Lu Aiko Otta - Brasília , O Estado de S. Paulo

24 Junho 2016 | 16h20

A saída do Reino Unido da União Europeia frustrou uma “torcida discreta” que havia no governo brasileiro pela permanência. A avaliação no Itamaraty é a de que essa decisão trará um realinhamento de forças dentro do bloco europeu, que agora ficará concentrado em França e Alemanha. 

O Reino Unido era a terceira maior população, respondia por 15% do Produto Interno Bruto (PIB) e constituía uma espécie de tripé de poder dentro da União Europeia. Há também o risco de um “efeito cascata” na Europa, com as posições nacionalistas e xenófobas ganhando força.

Para o Brasil, há duas consequências negativas do ponto de vista econômico. Primeiro, nas negociações do acordo entre Mercosul e União Europeia. Os britânicos eram aliados quanto se tratava de discutir a abertura do mercado para produtos agrícolas, tema que conta com forte oposição da França. 

“O Reino Unido é um dos maiores apoiadores de um acordo amplo, e têm atuado firmemente para a inclusão do setor agrícola”, disse um diplomata. “Eles têm sido um pilar importante.”
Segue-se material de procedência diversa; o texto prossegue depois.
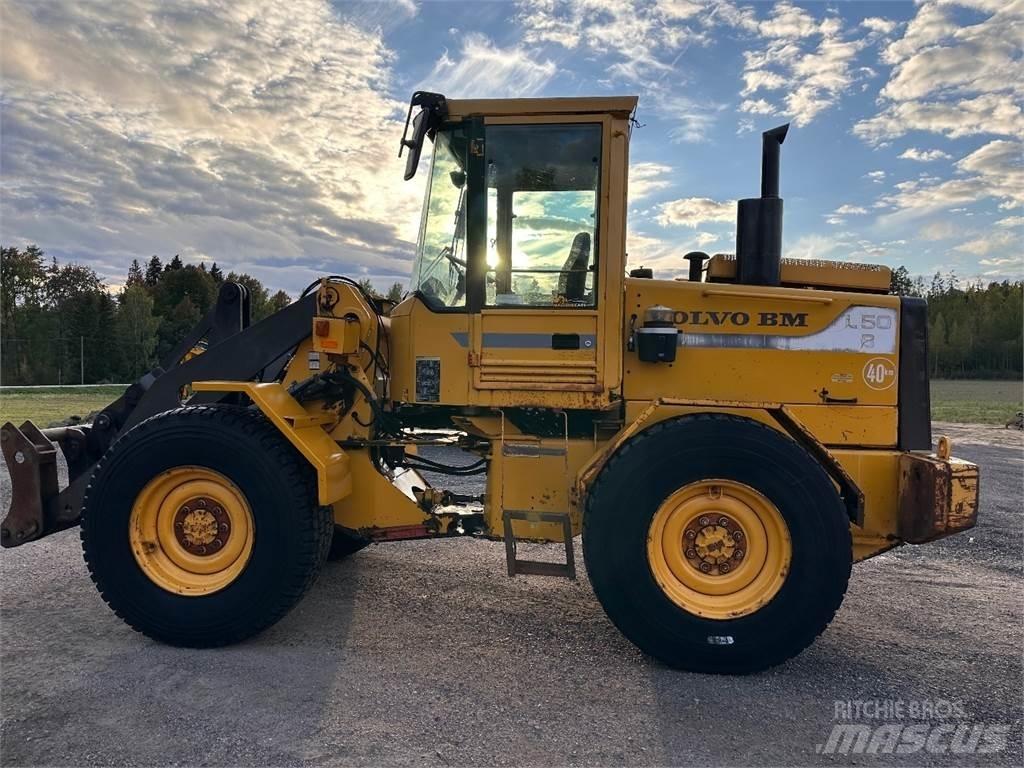 Volvo L50B Incarcator pe pneuri
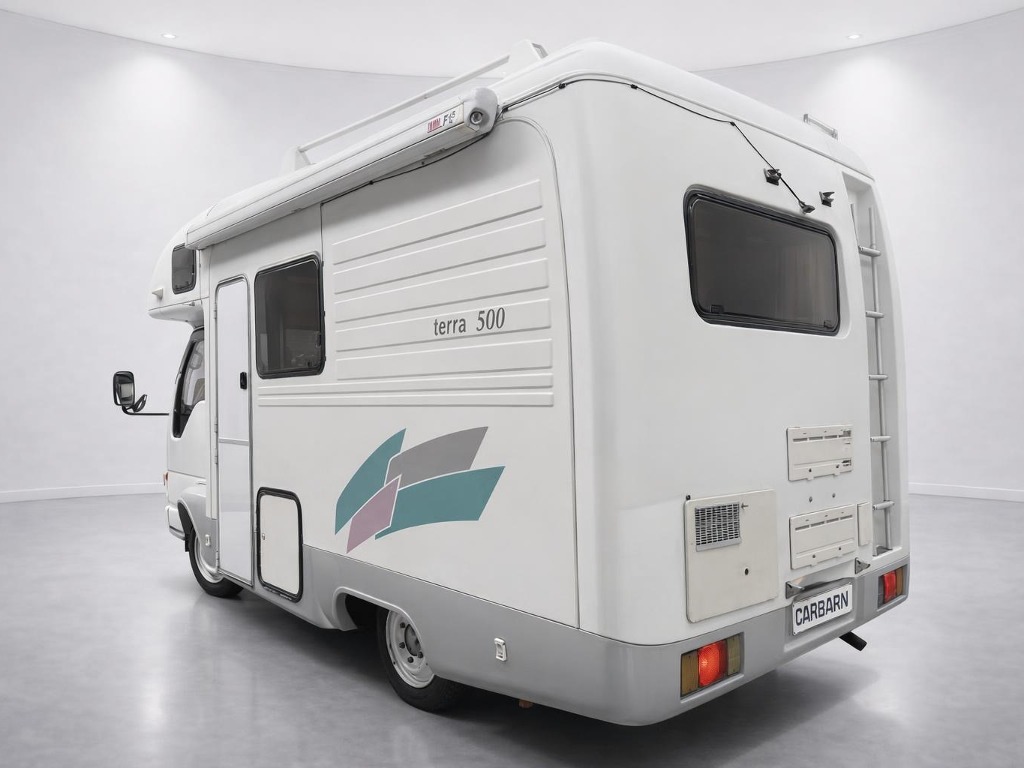 1994 Isuzu ELF Motorhome rear exterior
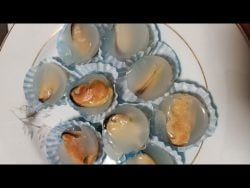 Bombones de mejillones, fácil y rico con Thermomix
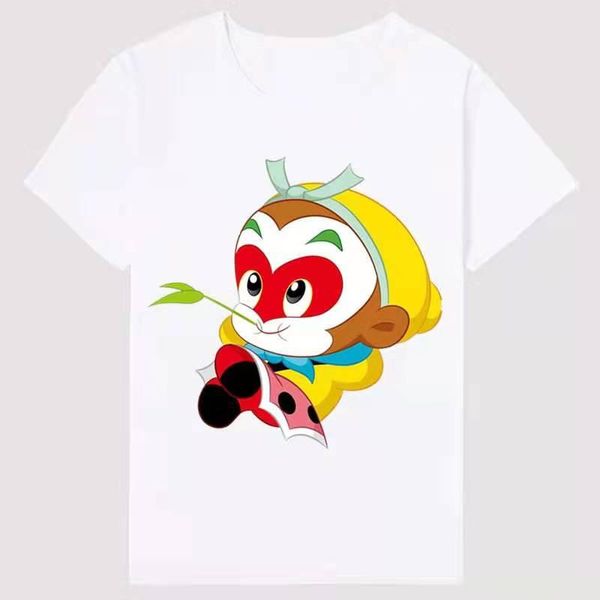 men's t-shirts cartoon monkey king qitian great short-sleeved t-shirt male and female students trend loose clothes summer1, White;black
men's t-shirts cartoon monkey king qitian great short-sleeved t-shirt male and female students trend loose clothes summer1, White;black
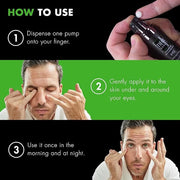 Tiege Hanley Eye Cream for Men | Reduces Dark Circles, Bags under Eyes, Puffiness & Crow’s Feet – Anti-Aging Under Eye Tre...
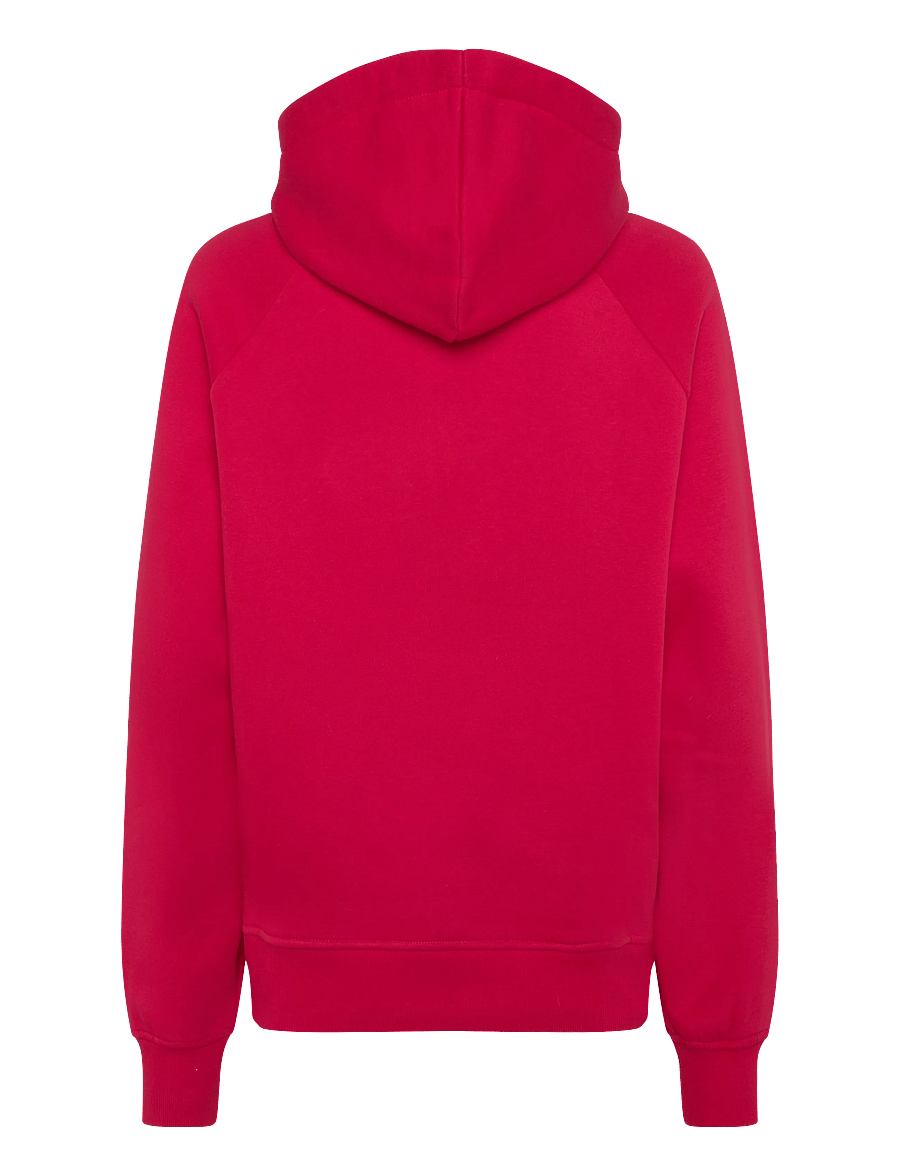 ICANIWILL - Everyday Hoodie W - overdele - bright red - 2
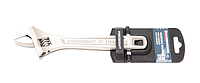 Forcekraft Ключ разводной Profi CRV 6"-150мм (захват 0-20мм), на пластиковом держателе FORCEKRAFT /FK-649150
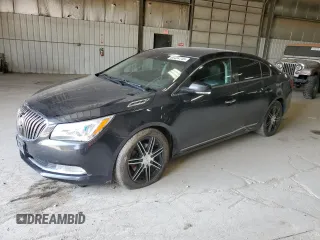 2014 Buick LaCrosse Leather with VIN 1G4GB5G35EF204668, listed as a Copart auction lot 60484745 with 128,754 mi miles and Salvage title. Bid and sale history available at DreamBid. Image 1.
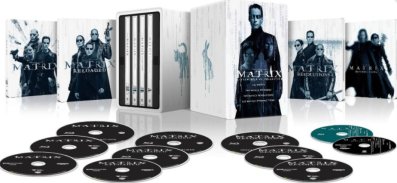 The Matrix Deja Vu  Steelbook Collection 4K UHD + Blu Ray
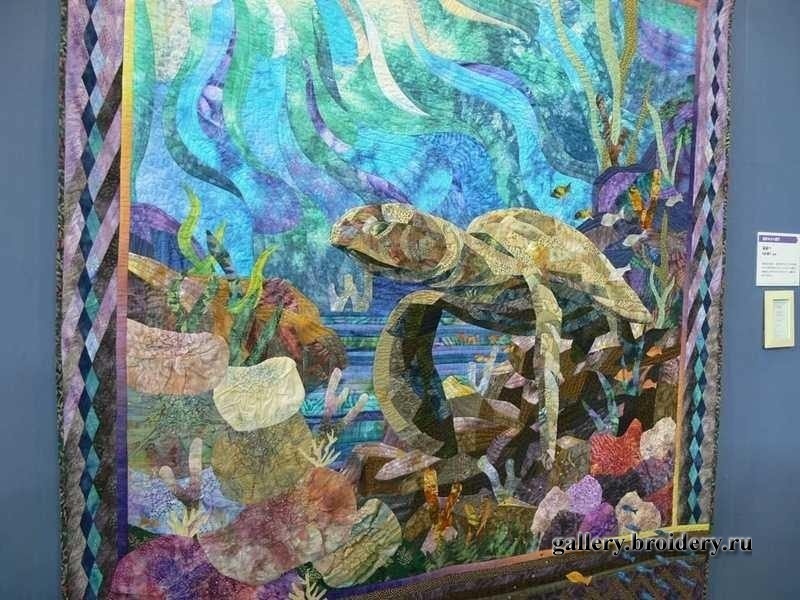 Фестиваль Квилта. Токио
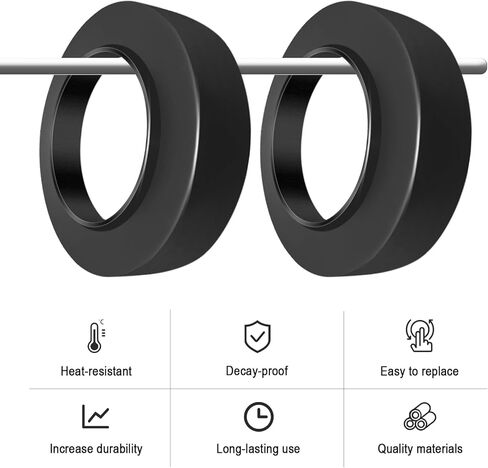 1 Inch Front Coil Spring Spacer, leveling kit Compatible with Je'ep Wra'ngler JK 2007-2018, JL 2018-2026, Glad'iator JT 2020-2026 in Kuwait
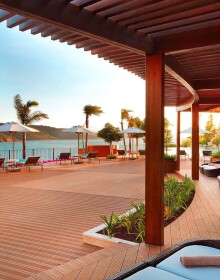 Le Meridien Bodrum Pergola Uygulamaları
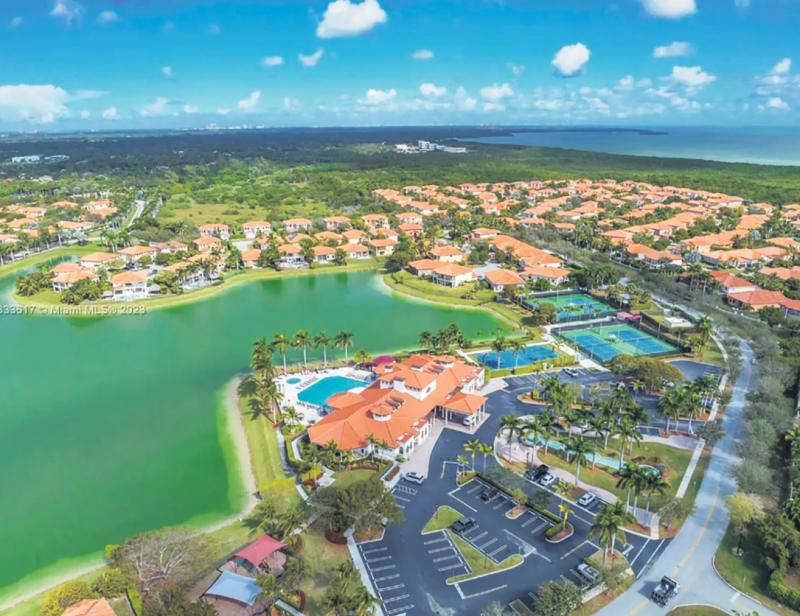 El sector que escogió Maura Rivera y Mark González para iniciar una nueva vida en Miami. (LUN)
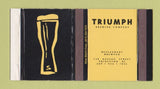 Matchbox - Triumph Brewing Beer Princeton NJ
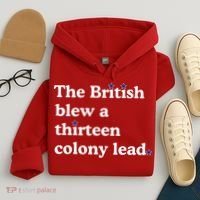 The British Blew A Thirteen Colony Lead Hoodie thumb 4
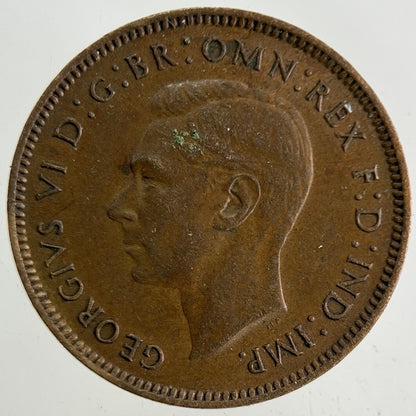1941 George VI Farthing Coin | Fine Collectable Grade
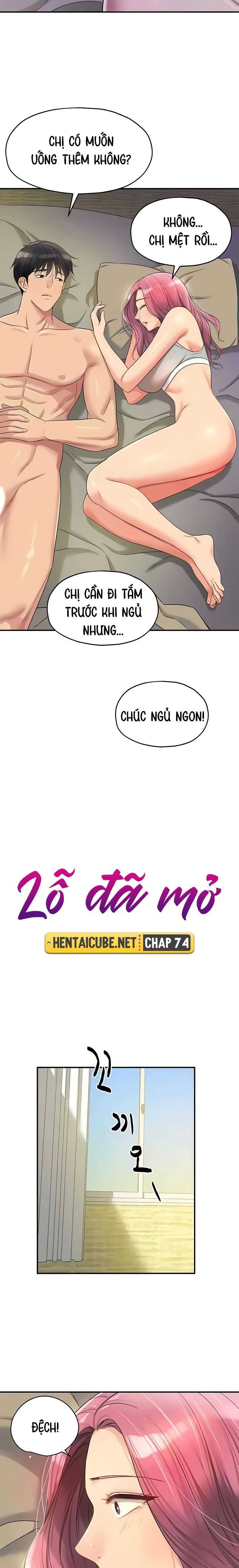 Thế Giới Mở Chapter 74 - Trang 2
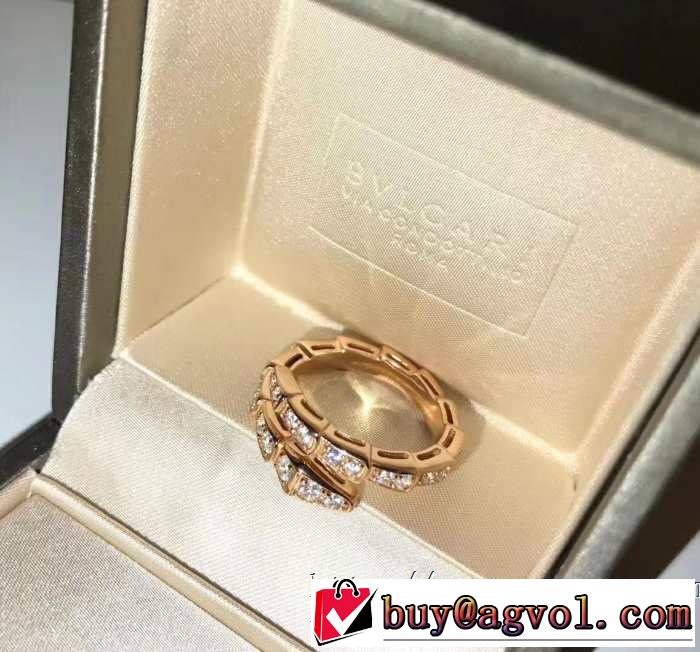 る春夏おすすめの人気商品  2019夏ファション新品 リング/指輪 ブルガリ 春夏のトレンドアイテム BVLGARI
Assim, a decisão dos britânicos pode ser um complicador para o acordo. Mas não deve ser algo determinante do sucesso ou fracasso. As negociações já são complexas por uma série de outros fatores.

Outro possível prejuízo para o Brasil é que a saída do Reino Unido pode desestabilizar a recuperação econômica daquela região e, com isso, retardar a incipiente retomada de parceiros comerciais importantes do País, como Portugal e Espanha. A consequência, no caso, pode ser uma menor possibilidade de expansão das exportações.

Para o bloco europeu, as consequências são mais extensas. Há o risco de outros países descontentes com o bloco também saírem. Na visão dos diplomatas brasileiros, a crise dos refugiados pode ter um papel importante nesse processo, pois há um acirramento de posições por parte dos grupos nacionalistas e xenófobos.

As políticas públicas também podem sofrer consequências, porque o Reino Unido tinha um peso importante na defesa de posições mais favoráveis ao aumento da produtividade das empresas. Ele ajudava a refrear “ímpetos estatizantes” defendidos principalmente pela França. 

Nota. Oficialmente, o Brasil manifestou que manterá suas relações estratégicas tanto com o Reino Unido quanto com a União Europeia, segundo nota divulgada pelo Ministério das Relações Exteriores.

 

Essa decisão não alterará a prioridade conferida pelo País ao acordo entre o Mercosul e a União Europeia, diz o texto. “Continuaremos engajados, com prioridade inalterada, na negociação de um Acordo de Associação entre o Mercosul e a União Europeia, que trará importantes benefícios para os dois lados.”

A nota ressalta que a parceria do País com a União Europeia completa 10 anos em 2017. Ela abrange 32 diálogos setoriais. A próxima reunião de cúpula ocorrerá no Brasil. Há também um Diálogo Estratégico do Brasil com o Reino Unido, e sua próxima edição será sediada também no Brasil. 

A intenção do País é “cooperar no amplo espectro de interesses comuns e a reforçar, em novos moldes, a relação comercial bilateral e a promoção de investimentos recíprocos".

“O Governo brasileiro recebe com respeito o resultado do referendo sobre a permanência do Reino Unido na União Europeia.”, diz a nota. “O Brasil confia que essa decisão não irá deter o processo de integração europeia, nem o espírito de abertura ao mundo que caracterizam, e devem continuar a caracterizar, tanto o Reino Unido como a UE. Confia, igualmente, que todos os esforços serão feitos para assegurar uma transição suave e estável.”